“A ditadura do proletariado é a dominação não restringida pela lei e baseada na força” (Lenin, em “O Estado e a Revolução”)
Todos os anos, no mês de janeiro, as esquerdas nacional e internacional de todos os matizes recordaram o aniversário da morte de Lenin, organizador do golpe de Estado bolchevique em outubro de 1917 e fundador do Estado soviético. Em janeiro de 2015 serão 101 anos. Será que os comunistas ainda o recordarão?
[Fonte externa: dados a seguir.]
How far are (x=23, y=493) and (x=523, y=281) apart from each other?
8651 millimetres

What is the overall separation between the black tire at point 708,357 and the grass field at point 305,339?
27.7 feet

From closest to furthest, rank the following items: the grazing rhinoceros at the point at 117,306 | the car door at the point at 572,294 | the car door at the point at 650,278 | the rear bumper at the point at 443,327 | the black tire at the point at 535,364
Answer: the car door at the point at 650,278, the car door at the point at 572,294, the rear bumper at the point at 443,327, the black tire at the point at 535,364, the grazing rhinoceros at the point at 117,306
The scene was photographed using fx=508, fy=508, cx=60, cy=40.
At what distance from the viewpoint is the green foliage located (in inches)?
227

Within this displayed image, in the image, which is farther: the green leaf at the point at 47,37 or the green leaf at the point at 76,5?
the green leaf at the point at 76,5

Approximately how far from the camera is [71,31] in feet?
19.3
Nessa oportunidade, os comunistas certamente recolheram e publicaram opiniões sobre ele, emitidas por personalidades em todo o mundo. Opiniões que em sua grande maioria apareceram falseadas pelo desconhecimento da verdadeira História, seja pela propaganda, seja pelo oportunismo político. Nessas circunstâncias é propício recordar o que pensavam de Lenin e seus métodos no partido e no governo aqueles que o conheceram, seus companheiros, os velhos bolcheviques, os marxistas de outras tendências e personalidades diversas da política e da cultura russa de sua época.
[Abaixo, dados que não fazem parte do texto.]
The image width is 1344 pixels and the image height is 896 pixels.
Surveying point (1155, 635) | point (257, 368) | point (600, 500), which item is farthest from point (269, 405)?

A revolucionária alemã Rosa Luxemburgo, que em tantas batalhas políticas atuou junto a Lenin, também o criticou severamente em diversas questões, como a ultra-centralização do partido, as depredações, os assaltos e as chamadas expropriações. Depois de sua morte, em janeiro de 1919, em Berlim, foi canonizada pelos comunistas porém, na União Soviética, pelo menos até a morte de Lenin, nunca se conheceu a sua última e definitiva opinião sobre a revolução bolchevique, escrita em 1918:
“Certamente, toda instituição democrática tem seus limites e defeitos, características compartilhadas com todas as demais instituições humanas. Porém, o remédio encontrado por Lenin e Trotsky, que foi a eliminação da democracia como tal, foi pior que a enfermidade que supostamente iria curar, porque obstruiu a verdadeira fonte viva, a única da qual pode surgir a retificação de todos os defeitos naturais das instituições sociais. Essa fonte é a vida pública ativa, livre e vigorosa das grandes massas populares(...). A liberdade somente para aqueles que apóiam o governo, somente para os membros de um partido, por mais numeroso que seja – não é liberdade em absoluto. A liberdade é sempre e exclusivamente para aquele que pensa diferente. E não devido a um conceito fanático de ‘justiça’, e sim porque tudo o que é educativo, beneficente e purificador depende dessa característica essencial, e sua eficácia se desvanece quando a liberdade se transforma em um privilégio especial” (“A Revolução Russa”, Rosa Luxemburgo, Berlim, 1922).
O pai do marxismo russo e professor de Lenin, Guiorgui Plekanov, rompeu com seu discípulo totalitário e profetizou o que seria a futura vida do partido baseado nos princípios organizativos de Lenin. Plekanov, em março de 1904, escreveu que se o Comitê Central outorga a si próprio o direito de eliminar qualquer membro do partido, então, com um Congresso em perspectiva “o Comitê Central liquida todos os elementos que lhe desagradem, localiza suas próprias criaturas, preenchendo todos os comitês com esses indivíduos, assegura uma maioria totalmente submissa no Congresso. O Congresso, assim constituído, aprova todos os seus êxitos e fracassos e aplaude todos os seus planos e iniciativas”. Anos mais tarde, em seu jornal “Yedinstvo”, Plekanov denunciou a estreita convivência de Lenin com agentes alemães e as somas recebidas pelos bolcheviques para realizar propaganda derrotista no Exército e organizar a revolução.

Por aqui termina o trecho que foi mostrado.